3dLME three-way interaction continuous variables interpretation

AFNI version info (afni -ver): AFNI_22.2.10 'Marcus Aurelius'

Hi all!

I am interested in how changing hormones in the menopause transition relate to seed-connectivity and performance on cognitive tasks. My hypothesis is that as estrogen decreases (Estradiol), task performance (Pattcomp) and attention network-connectivity will also decrease (all three continuous variables).

To test this, I ran 3dLME with the model of Estradiol + Pattcomp + EstPatt. The last is my interaction term and is the product of Estradiol and Pattcomp, based on this prior post of how to represent the interaction of two continuous variables: 3dlme with multiple covariates of interest. The input files are the seed-connectivity images.

3dLME -prefix peri_estradiol_pattcomp_RIPS.nii.gz -jobs 4   \
      -mask /data1/software/bioimagesuite35/images/MNI_T1_1mm_mask.nii.gz \
      -model  'Estradiol+Pattcomp+EstPatt'   \
      -qVars 'Estradiol,Pattcomp,EstPatt'    \
      -qVarCenters '129.957,48.357,6648.59'  \
      -SS_type 3     \
      -ranEff '~1'   \
      -num_glt 3 \
      -gltLabel 1 'Estradiol-Zscore'    -gltCode 1 'Estradiol : '               \
      -gltLabel 2 'Pattcomp-Zscore'      -gltCode 2 'Pattcomp : '               \
      -gltLabel 3 'EstPatt-Zscore'   -gltCode 3 'EstPatt : '    \
      -resid peri_estradiol_pattcomp_RIPS_resid.nii.gz  \
      -dataTable                                  \
Subj    Estradiol       Pattcomp        EstPatt InputFile \

I then cluster corrected with 3dFWHMx and 3dClustSim and used bioimage suite to visualize at the 0.01/0.01 threshold.
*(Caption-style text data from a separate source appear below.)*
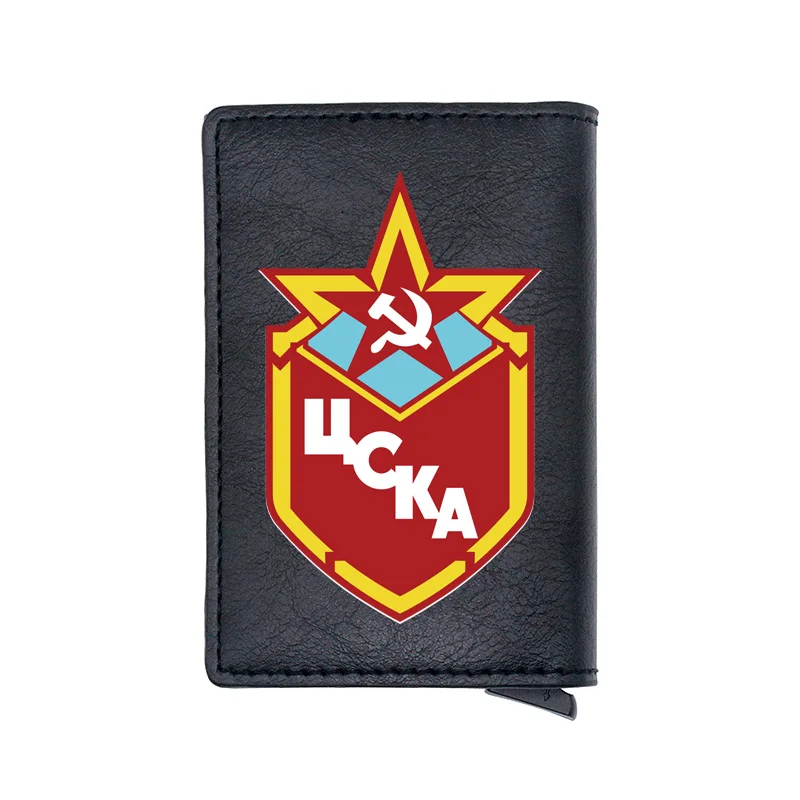 Классический бумажник с цифровой печатью Советский Союз CCCP Хоккей держатель для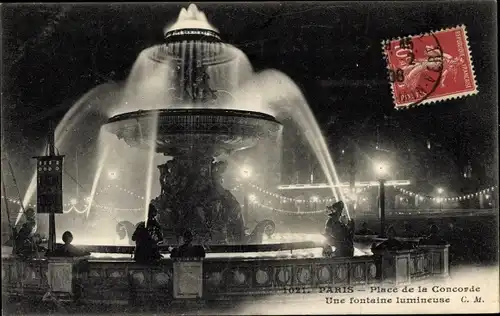 Ak Paris VIII., Place de la Concorde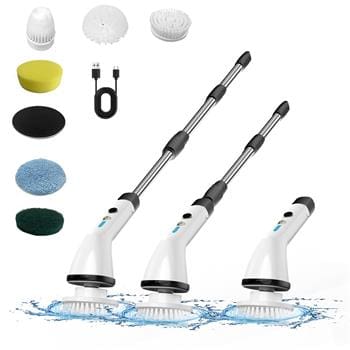 Power Scrubber 3 in 1 With Extendable Handle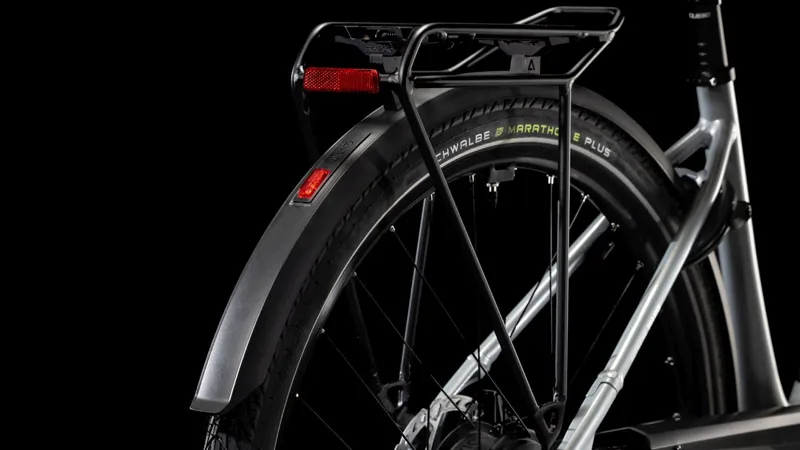 Cube Supreme Hybrid Deluxe SLX EE 625Wh Electric Hybrid Bike in Polargrey and White-3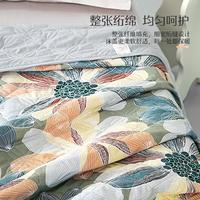 40S全棉面料圆角夹棉床盖舒适亲肤床上用品床盖单件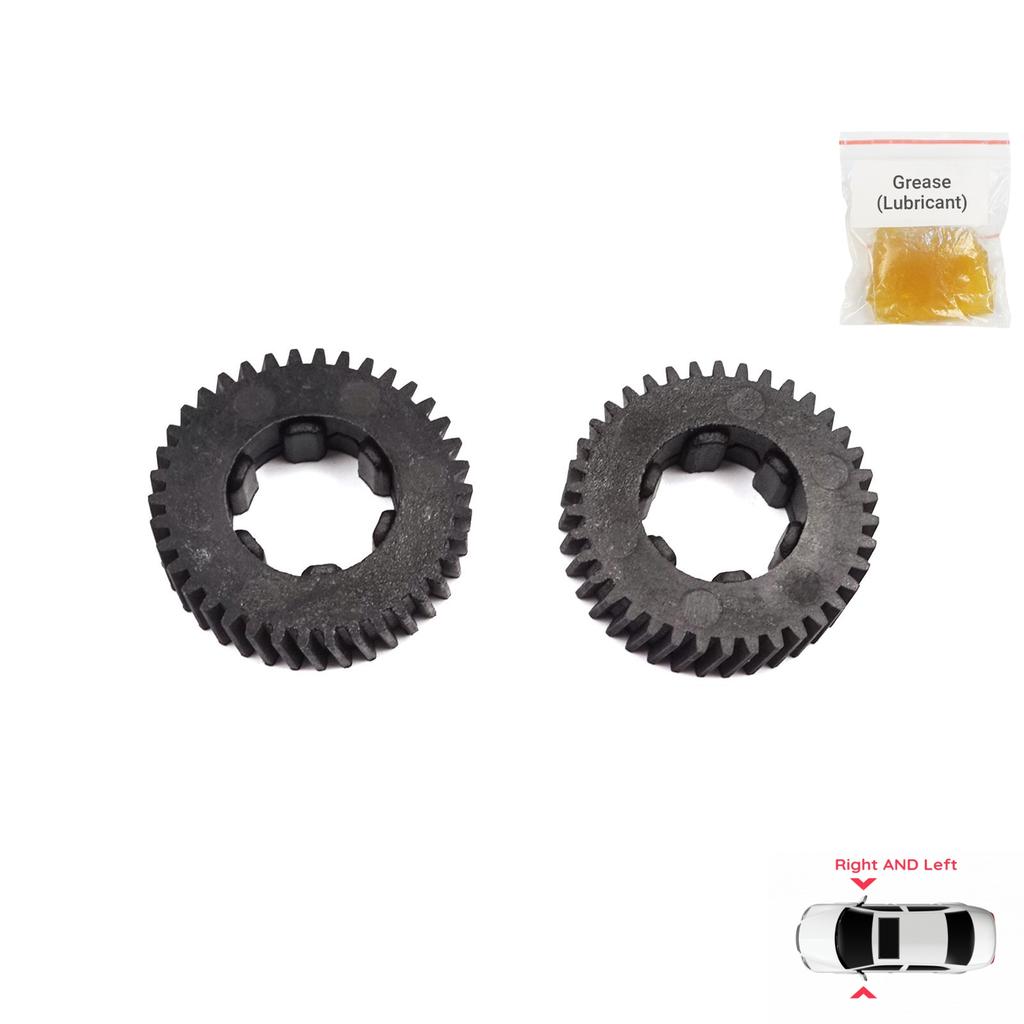 BGE694 Side Wing View Mirror Fold Motor Plastic Gear Set for Nissan Qashqai MK2 Murano MK3 Teana MK1 MK2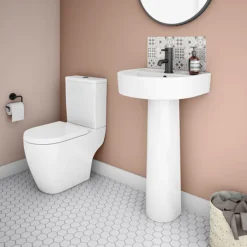 Bianco Close Coupled Modern Toilet + Soft Close Seat -Bathroom Products Shop bwcsc d4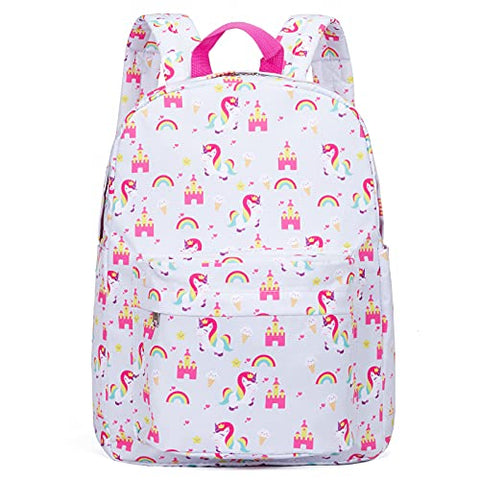 Vorspack Toddler Backpack Unicorn Kids Backpack with Chest Strap for Preschool Boys and Girls - Grey
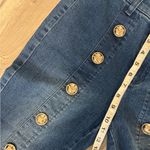 Venus Dark Blue Straight Leg Jeans with Gold Button Detail Size 6 NWOT Photo 5
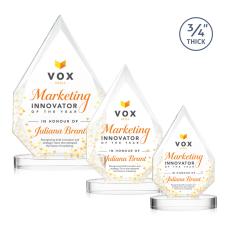 Hawthorne VividPrint Award on Alberton Base - Clear - Recognition Awards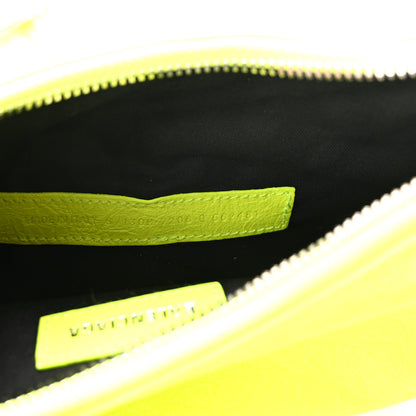 Balenciaga Agneau Arena Le Cagole Shoulder Bag XS Fluo Yellow 7 of 10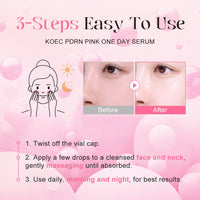 Kit 10 Ampolas PDRN Rosa – Sérum de Rejuvenescimento, Hidratação e Controlo de Poros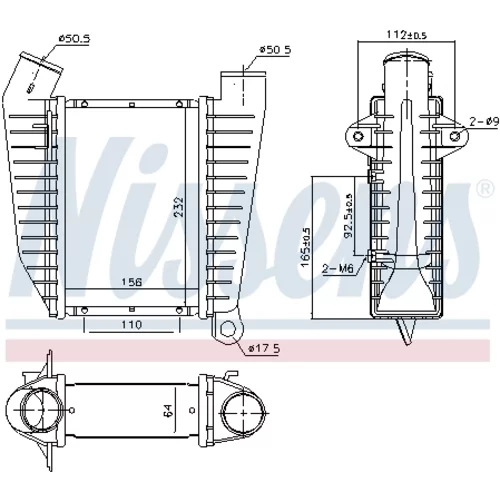 Chladič plniaceho vzduchu 96864 /NISSENS/ - obr. 4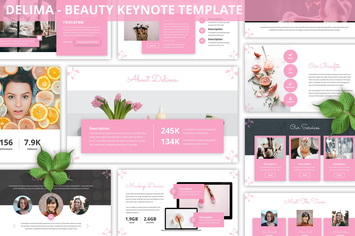 Delima - Beauty Keynote Template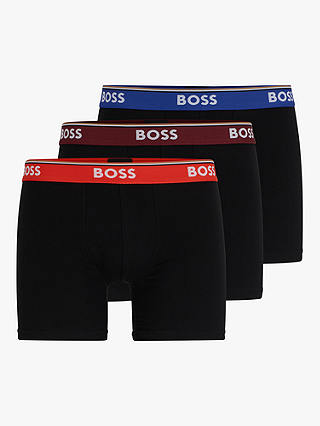 BOSS Essential Style Boxers, Pack of 3, Black, M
The interaction results were really striking at this threshold in one brain region, but looking at the estrogen z-score map alone or the pattcomp z-score map alone shows absolutely nothing in that brain region. I also pulled the connectivity values of that ROI from the original seed-connectivity maps and plotted them against estrogen and pattcomp separately, and there's no main effects against either or their product.

So I'm at a loss for how to interpret my results and wanting advice on how to investigate this relationship further, if there is a way to plot the interaction between pattcomp and estrogen for example or something else.

Any ideas are very helpful!

Jordan

Jordan,

Just to clarify, does each participant have a single input file or multiple input files?

Gang Chen

Each participant has a single input file.

First, since all the explanatory variables are between-individual variables, 3dLME is not suitable for this analysis. I recommend using 3dMVM instead.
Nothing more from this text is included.